Exercise aim:
Print the entries exactly; no image belongs in the copy.

[Brief descriptive captions]
□ □ □ □ □
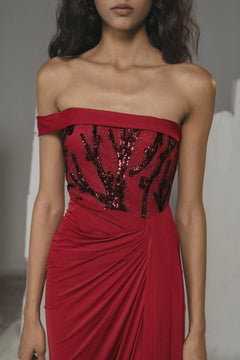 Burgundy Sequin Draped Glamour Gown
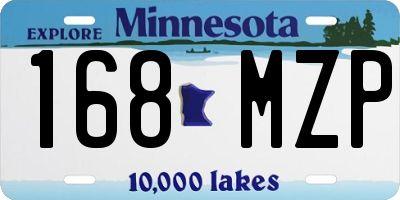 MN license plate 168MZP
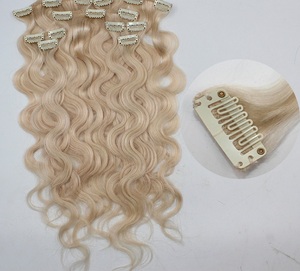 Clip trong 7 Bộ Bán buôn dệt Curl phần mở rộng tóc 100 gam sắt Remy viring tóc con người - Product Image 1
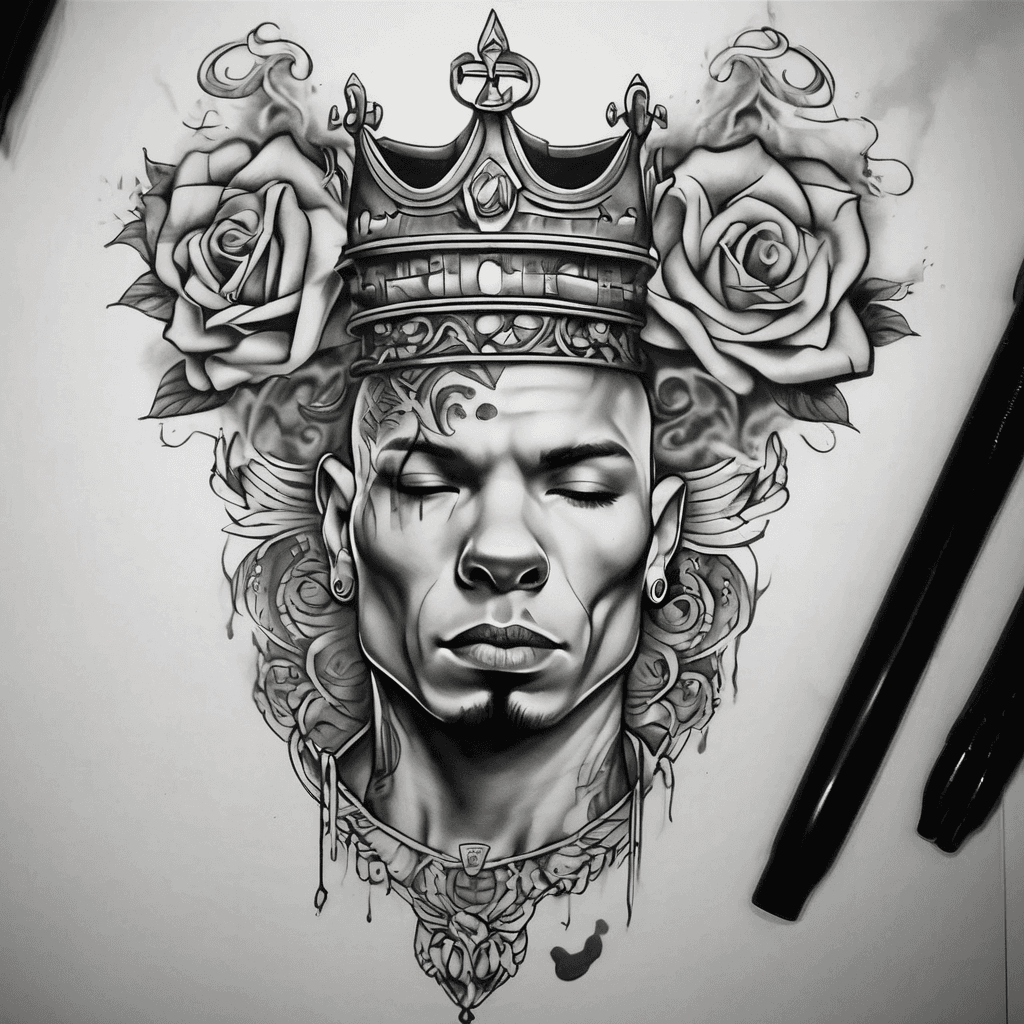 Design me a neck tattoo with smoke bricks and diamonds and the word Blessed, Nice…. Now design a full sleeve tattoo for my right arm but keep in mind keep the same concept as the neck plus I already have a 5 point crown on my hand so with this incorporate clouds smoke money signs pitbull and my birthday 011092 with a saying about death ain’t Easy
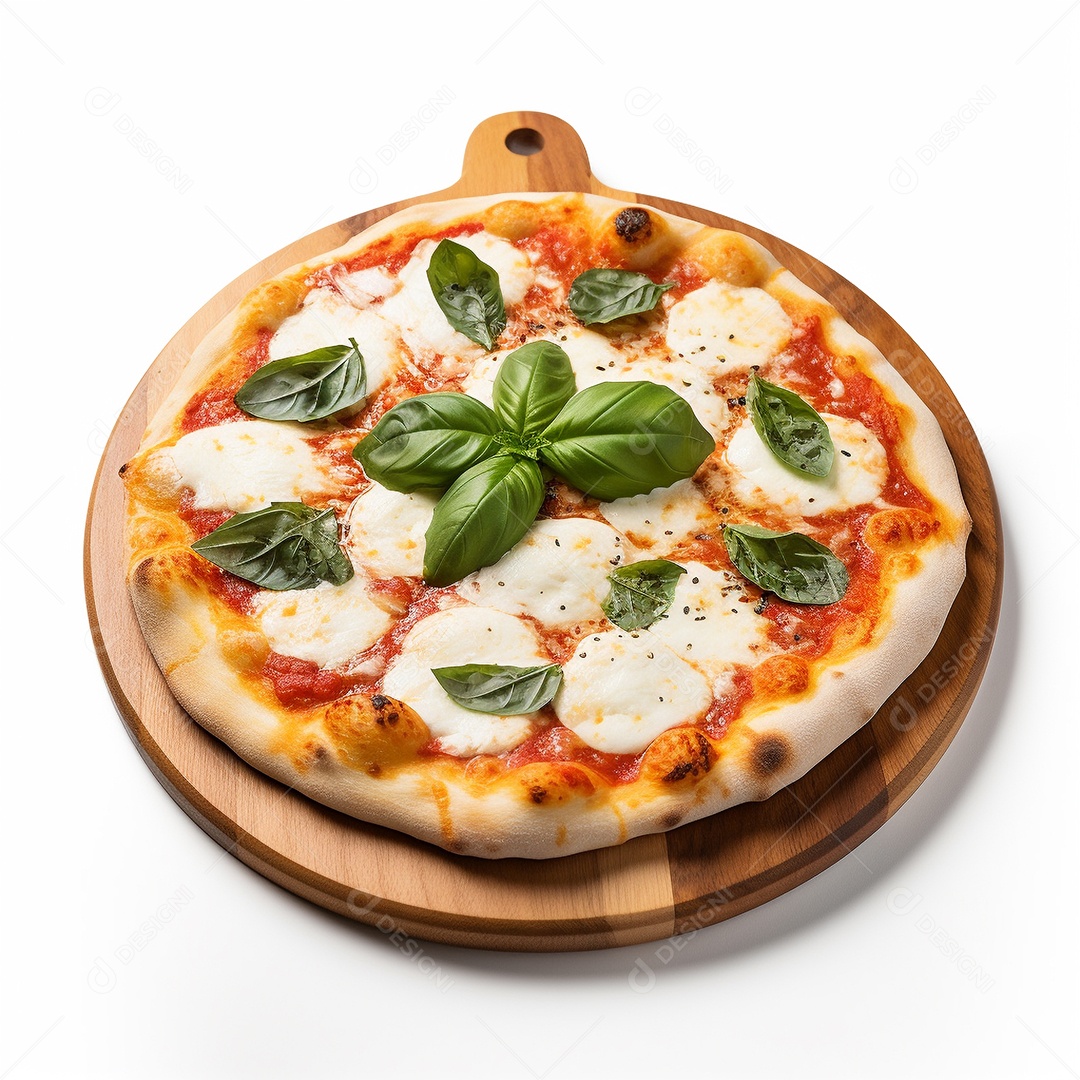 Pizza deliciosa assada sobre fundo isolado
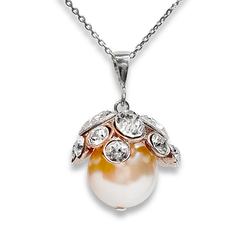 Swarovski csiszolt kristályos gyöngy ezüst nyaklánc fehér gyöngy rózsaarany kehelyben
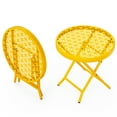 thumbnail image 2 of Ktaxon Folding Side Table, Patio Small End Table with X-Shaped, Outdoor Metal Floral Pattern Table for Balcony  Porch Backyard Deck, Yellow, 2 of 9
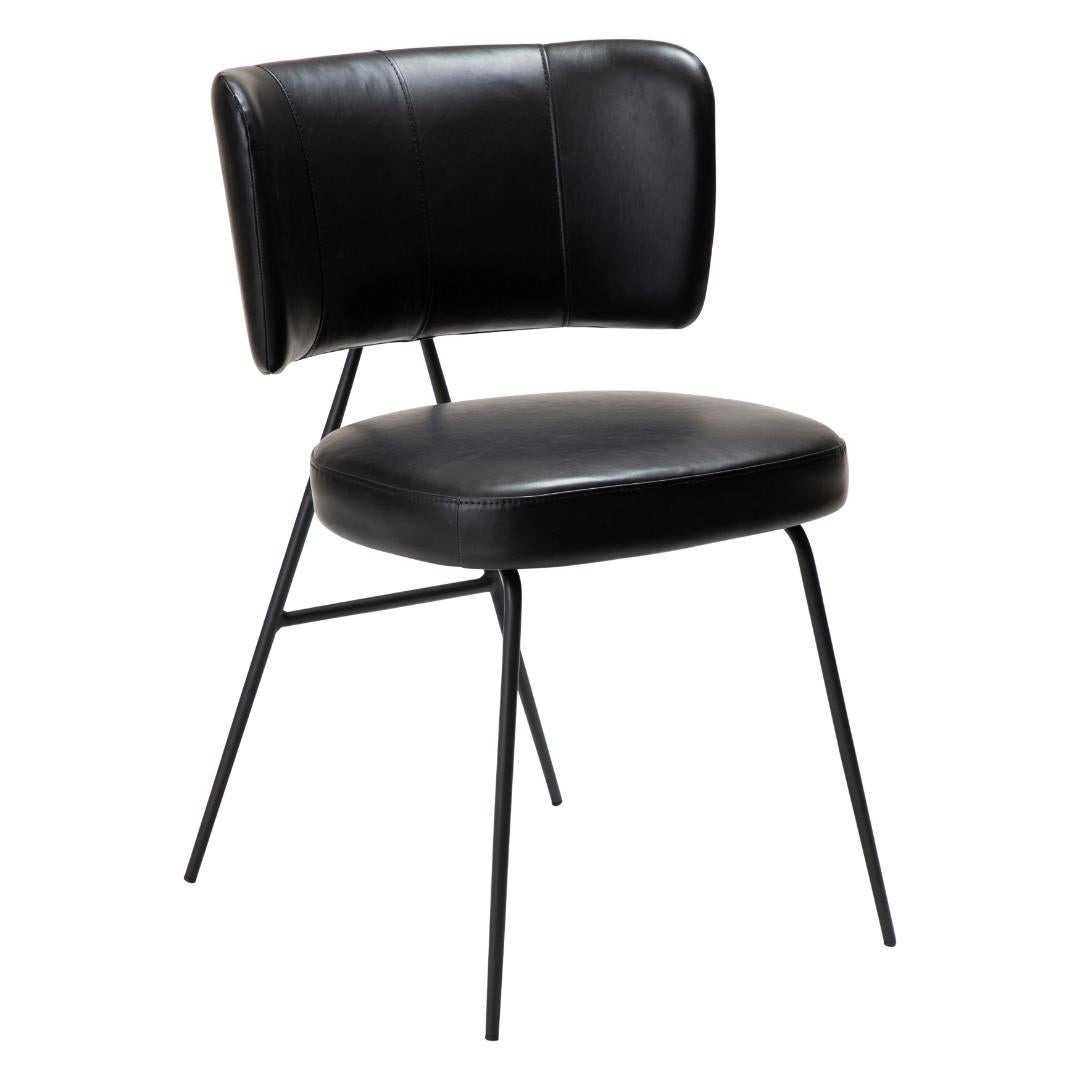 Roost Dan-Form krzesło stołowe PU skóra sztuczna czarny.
□ □ □ □ □
Task solution:
 Burgundy Sequin Draped Glamour Gown
 MN license plate 168MZP
 Clip trong 7 Bộ Bán buôn dệt Curl phần mở rộng tóc 100 gam sắt Remy viring tóc con người - Product Image 1
 Design me a neck tattoo with smoke bricks and diamonds and the word Blessed, Nice…. Now design a full sleeve tattoo for my right arm but keep in mind keep the same concept as the neck plus I already have a 5 point crown on my hand so with this incorporate clouds smoke money signs pitbull and my birthday 011092 with a saying about death ain’t Easy
 Pizza deliciosa assada sobre fundo isolado
 Swarovski csiszolt kristályos gyöngy ezüst nyaklánc fehér gyöngy rózsaarany kehelyben
 thumbnail image 2 of Ktaxon Folding Side Table, Patio Small End Table with X-Shaped, Outdoor Metal Floral Pattern Table for Balcony  Porch Backyard Deck, Yellow, 2 of 9
 Roost Dan-Form krzesło stołowe PU skóra sztuczna czarny.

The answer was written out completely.